WORK ORDER: Would you return the entries exactly, with every line intact?

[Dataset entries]
▼

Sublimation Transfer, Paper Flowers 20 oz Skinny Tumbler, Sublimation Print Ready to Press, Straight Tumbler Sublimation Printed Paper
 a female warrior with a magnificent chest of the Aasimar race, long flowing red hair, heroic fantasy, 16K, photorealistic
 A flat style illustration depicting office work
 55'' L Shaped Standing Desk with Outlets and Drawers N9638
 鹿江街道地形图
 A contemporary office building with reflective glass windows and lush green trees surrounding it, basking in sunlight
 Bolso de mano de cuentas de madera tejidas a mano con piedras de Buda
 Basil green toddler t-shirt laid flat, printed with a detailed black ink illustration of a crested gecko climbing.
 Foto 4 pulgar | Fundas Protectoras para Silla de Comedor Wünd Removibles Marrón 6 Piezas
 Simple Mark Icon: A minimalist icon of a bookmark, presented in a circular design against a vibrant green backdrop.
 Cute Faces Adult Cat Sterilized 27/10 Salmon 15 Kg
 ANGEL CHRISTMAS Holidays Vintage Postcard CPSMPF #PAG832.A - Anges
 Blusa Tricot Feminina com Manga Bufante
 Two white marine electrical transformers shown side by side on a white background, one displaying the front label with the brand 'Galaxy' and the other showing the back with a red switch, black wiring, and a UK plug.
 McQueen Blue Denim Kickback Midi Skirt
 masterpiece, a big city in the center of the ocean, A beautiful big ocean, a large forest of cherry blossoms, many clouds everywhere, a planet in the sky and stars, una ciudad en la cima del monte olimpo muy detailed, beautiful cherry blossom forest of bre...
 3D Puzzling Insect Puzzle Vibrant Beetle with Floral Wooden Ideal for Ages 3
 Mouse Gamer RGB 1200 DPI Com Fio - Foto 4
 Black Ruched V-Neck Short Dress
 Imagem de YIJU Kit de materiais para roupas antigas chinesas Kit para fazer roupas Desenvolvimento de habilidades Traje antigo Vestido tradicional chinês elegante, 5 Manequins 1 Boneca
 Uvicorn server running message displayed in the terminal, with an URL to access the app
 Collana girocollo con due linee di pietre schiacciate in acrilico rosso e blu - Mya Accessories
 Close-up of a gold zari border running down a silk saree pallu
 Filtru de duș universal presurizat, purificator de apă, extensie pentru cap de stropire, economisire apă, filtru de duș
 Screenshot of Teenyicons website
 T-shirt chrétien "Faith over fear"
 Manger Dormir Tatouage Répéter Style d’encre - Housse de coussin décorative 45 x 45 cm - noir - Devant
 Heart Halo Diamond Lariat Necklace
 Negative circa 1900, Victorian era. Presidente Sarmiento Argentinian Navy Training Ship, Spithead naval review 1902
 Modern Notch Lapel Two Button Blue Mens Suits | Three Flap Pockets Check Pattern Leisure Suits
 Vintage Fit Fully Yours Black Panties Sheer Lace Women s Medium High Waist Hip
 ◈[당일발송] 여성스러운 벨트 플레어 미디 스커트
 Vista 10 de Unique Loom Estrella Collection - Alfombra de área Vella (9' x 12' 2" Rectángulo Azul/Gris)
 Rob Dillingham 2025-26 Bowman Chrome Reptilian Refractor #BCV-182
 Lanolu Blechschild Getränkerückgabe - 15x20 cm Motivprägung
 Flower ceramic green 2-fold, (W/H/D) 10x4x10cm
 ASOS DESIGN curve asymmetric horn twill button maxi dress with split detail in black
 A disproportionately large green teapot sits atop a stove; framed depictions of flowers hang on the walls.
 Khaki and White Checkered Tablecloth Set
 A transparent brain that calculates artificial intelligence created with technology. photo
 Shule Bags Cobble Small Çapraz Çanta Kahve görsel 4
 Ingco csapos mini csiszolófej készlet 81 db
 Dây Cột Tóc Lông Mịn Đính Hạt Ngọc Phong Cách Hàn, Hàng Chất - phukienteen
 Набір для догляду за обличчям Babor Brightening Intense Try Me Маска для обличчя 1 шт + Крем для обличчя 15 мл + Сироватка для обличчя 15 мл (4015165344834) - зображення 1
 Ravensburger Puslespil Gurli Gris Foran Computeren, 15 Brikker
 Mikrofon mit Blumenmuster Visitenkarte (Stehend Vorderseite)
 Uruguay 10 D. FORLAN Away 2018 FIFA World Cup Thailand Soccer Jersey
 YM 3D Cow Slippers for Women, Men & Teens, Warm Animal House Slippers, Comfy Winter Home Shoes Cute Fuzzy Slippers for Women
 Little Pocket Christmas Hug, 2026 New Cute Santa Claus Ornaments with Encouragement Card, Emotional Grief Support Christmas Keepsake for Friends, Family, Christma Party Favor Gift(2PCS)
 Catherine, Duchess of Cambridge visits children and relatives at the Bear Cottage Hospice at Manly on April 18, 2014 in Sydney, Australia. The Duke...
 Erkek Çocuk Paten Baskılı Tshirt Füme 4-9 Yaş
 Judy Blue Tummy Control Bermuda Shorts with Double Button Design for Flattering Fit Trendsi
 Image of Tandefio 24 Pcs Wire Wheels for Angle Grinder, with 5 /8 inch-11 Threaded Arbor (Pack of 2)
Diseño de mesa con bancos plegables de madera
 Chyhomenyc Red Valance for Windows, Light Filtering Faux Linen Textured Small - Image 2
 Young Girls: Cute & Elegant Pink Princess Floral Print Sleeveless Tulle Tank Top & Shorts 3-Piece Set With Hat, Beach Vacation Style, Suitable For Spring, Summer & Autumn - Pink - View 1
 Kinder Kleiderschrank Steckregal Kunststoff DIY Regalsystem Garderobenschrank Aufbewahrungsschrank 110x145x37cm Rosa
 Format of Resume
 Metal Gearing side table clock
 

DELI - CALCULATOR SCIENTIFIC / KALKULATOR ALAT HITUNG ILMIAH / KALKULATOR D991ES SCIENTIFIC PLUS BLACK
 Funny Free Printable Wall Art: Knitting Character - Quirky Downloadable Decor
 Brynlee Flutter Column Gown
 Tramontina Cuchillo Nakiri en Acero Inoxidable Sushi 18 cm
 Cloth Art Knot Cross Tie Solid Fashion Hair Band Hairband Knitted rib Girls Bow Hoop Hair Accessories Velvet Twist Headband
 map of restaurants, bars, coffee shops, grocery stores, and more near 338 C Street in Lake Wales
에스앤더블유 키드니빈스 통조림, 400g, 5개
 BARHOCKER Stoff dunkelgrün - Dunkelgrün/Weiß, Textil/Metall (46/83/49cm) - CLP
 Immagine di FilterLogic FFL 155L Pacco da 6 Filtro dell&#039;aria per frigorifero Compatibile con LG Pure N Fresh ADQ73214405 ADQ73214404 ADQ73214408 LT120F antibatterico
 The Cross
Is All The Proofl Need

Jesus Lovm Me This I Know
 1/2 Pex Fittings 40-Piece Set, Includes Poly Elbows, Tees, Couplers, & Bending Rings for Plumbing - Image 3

▲

SOLUTION BELOW:
Sublimation Transfer, Paper Flowers 20 oz Skinny Tumbler, Sublimation Print Ready to Press, Straight Tumbler Sublimation Printed Paper
 a female warrior with a magnificent chest of the Aasimar race, long flowing red hair, heroic fantasy, 16K, photorealistic
 A flat style illustration depicting office work
 55'' L Shaped Standing Desk with Outlets and Drawers N9638
 鹿江街道地形图
 A contemporary office building with reflective glass windows and lush green trees surrounding it, basking in sunlight
 Bolso de mano de cuentas de madera tejidas a mano con piedras de Buda
 Basil green toddler t-shirt laid flat, printed with a detailed black ink illustration of a crested gecko climbing.
 Foto 4 pulgar | Fundas Protectoras para Silla de Comedor Wünd Removibles Marrón 6 Piezas
 Simple Mark Icon: A minimalist icon of a bookmark, presented in a circular design against a vibrant green backdrop.
 Cute Faces Adult Cat Sterilized 27/10 Salmon 15 Kg
 ANGEL CHRISTMAS Holidays Vintage Postcard CPSMPF #PAG832.A - Anges
 Blusa Tricot Feminina com Manga Bufante
 Two white marine electrical transformers shown side by side on a white background, one displaying the front label with the brand 'Galaxy' and the other showing the back with a red switch, black wiring, and a UK plug.
 McQueen Blue Denim Kickback Midi Skirt
 masterpiece, a big city in the center of the ocean, A beautiful big ocean, a large forest of cherry blossoms, many clouds everywhere, a planet in the sky and stars, una ciudad en la cima del monte olimpo muy detailed, beautiful cherry blossom forest of bre...
 3D Puzzling Insect Puzzle Vibrant Beetle with Floral Wooden Ideal for Ages 3
 Mouse Gamer RGB 1200 DPI Com Fio - Foto 4
 Black Ruched V-Neck Short Dress
 Imagem de YIJU Kit de materiais para roupas antigas chinesas Kit para fazer roupas Desenvolvimento de habilidades Traje antigo Vestido tradicional chinês elegante, 5 Manequins 1 Boneca
 Uvicorn server running message displayed in the terminal, with an URL to access the app
 Collana girocollo con due linee di pietre schiacciate in acrilico rosso e blu - Mya Accessories
 Close-up of a gold zari border running down a silk saree pallu
 Filtru de duș universal presurizat, purificator de apă, extensie pentru cap de stropire, economisire apă, filtru de duș
 Screenshot of Teenyicons website
 T-shirt chrétien "Faith over fear"
 Manger Dormir Tatouage Répéter Style d’encre - Housse de coussin décorative 45 x 45 cm - noir - Devant
 Heart Halo Diamond Lariat Necklace
 Negative circa 1900, Victorian era. Presidente Sarmiento Argentinian Navy Training Ship, Spithead naval review 1902
 Modern Notch Lapel Two Button Blue Mens Suits | Three Flap Pockets Check Pattern Leisure Suits
 Vintage Fit Fully Yours Black Panties Sheer Lace Women s Medium High Waist Hip
 ◈[당일발송] 여성스러운 벨트 플레어 미디 스커트
 Vista 10 de Unique Loom Estrella Collection - Alfombra de área Vella (9' x 12' 2" Rectángulo Azul/Gris)
 Rob Dillingham 2025-26 Bowman Chrome Reptilian Refractor #BCV-182
 Lanolu Blechschild Getränkerückgabe - 15x20 cm Motivprägung
 Flower ceramic green 2-fold, (W/H/D) 10x4x10cm
 ASOS DESIGN curve asymmetric horn twill button maxi dress with split detail in black
 A disproportionately large green teapot sits atop a stove; framed depictions of flowers hang on the walls.
 Khaki and White Checkered Tablecloth Set
 A transparent brain that calculates artificial intelligence created with technology. photo
 Shule Bags Cobble Small Çapraz Çanta Kahve görsel 4
 Ingco csapos mini csiszolófej készlet 81 db
 Dây Cột Tóc Lông Mịn Đính Hạt Ngọc Phong Cách Hàn, Hàng Chất - phukienteen
 Набір для догляду за обличчям Babor Brightening Intense Try Me Маска для обличчя 1 шт + Крем для обличчя 15 мл + Сироватка для обличчя 15 мл (4015165344834) - зображення 1
 Ravensburger Puslespil Gurli Gris Foran Computeren, 15 Brikker
 Mikrofon mit Blumenmuster Visitenkarte (Stehend Vorderseite)
 Uruguay 10 D. FORLAN Away 2018 FIFA World Cup Thailand Soccer Jersey
 YM 3D Cow Slippers for Women, Men & Teens, Warm Animal House Slippers, Comfy Winter Home Shoes Cute Fuzzy Slippers for Women
 Little Pocket Christmas Hug, 2026 New Cute Santa Claus Ornaments with Encouragement Card, Emotional Grief Support Christmas Keepsake for Friends, Family, Christma Party Favor Gift(2PCS)
 Catherine, Duchess of Cambridge visits children and relatives at the Bear Cottage Hospice at Manly on April 18, 2014 in Sydney, Australia. The Duke...
 Erkek Çocuk Paten Baskılı Tshirt Füme 4-9 Yaş
 Judy Blue Tummy Control Bermuda Shorts with Double Button Design for Flattering Fit Trendsi
 Image of Tandefio 24 Pcs Wire Wheels for Angle Grinder, with 5 /8 inch-11 Threaded Arbor (Pack of 2)
Diseño de mesa con bancos plegables de madera
 Chyhomenyc Red Valance for Windows, Light Filtering Faux Linen Textured Small - Image 2
 Young Girls: Cute & Elegant Pink Princess Floral Print Sleeveless Tulle Tank Top & Shorts 3-Piece Set With Hat, Beach Vacation Style, Suitable For Spring, Summer & Autumn - Pink - View 1
 Kinder Kleiderschrank Steckregal Kunststoff DIY Regalsystem Garderobenschrank Aufbewahrungsschrank 110x145x37cm Rosa
 Format of Resume
 Metal Gearing side table clock
 

DELI - CALCULATOR SCIENTIFIC / KALKULATOR ALAT HITUNG ILMIAH / KALKULATOR D991ES SCIENTIFIC PLUS BLACK
 Funny Free Printable Wall Art: Knitting Character - Quirky Downloadable Decor
 Brynlee Flutter Column Gown
 Tramontina Cuchillo Nakiri en Acero Inoxidable Sushi 18 cm
 Cloth Art Knot Cross Tie Solid Fashion Hair Band Hairband Knitted rib Girls Bow Hoop Hair Accessories Velvet Twist Headband
 map of restaurants, bars, coffee shops, grocery stores, and more near 338 C Street in Lake Wales
에스앤더블유 키드니빈스 통조림, 400g, 5개
 BARHOCKER Stoff dunkelgrün - Dunkelgrün/Weiß, Textil/Metall (46/83/49cm) - CLP
 Immagine di FilterLogic FFL 155L Pacco da 6 Filtro dell&#039;aria per frigorifero Compatibile con LG Pure N Fresh ADQ73214405 ADQ73214404 ADQ73214408 LT120F antibatterico
 The Cross
Is All The Proofl Need

Jesus Lovm Me This I Know
 1/2 Pex Fittings 40-Piece Set, Includes Poly Elbows, Tees, Couplers, & Bending Rings for Plumbing - Image 3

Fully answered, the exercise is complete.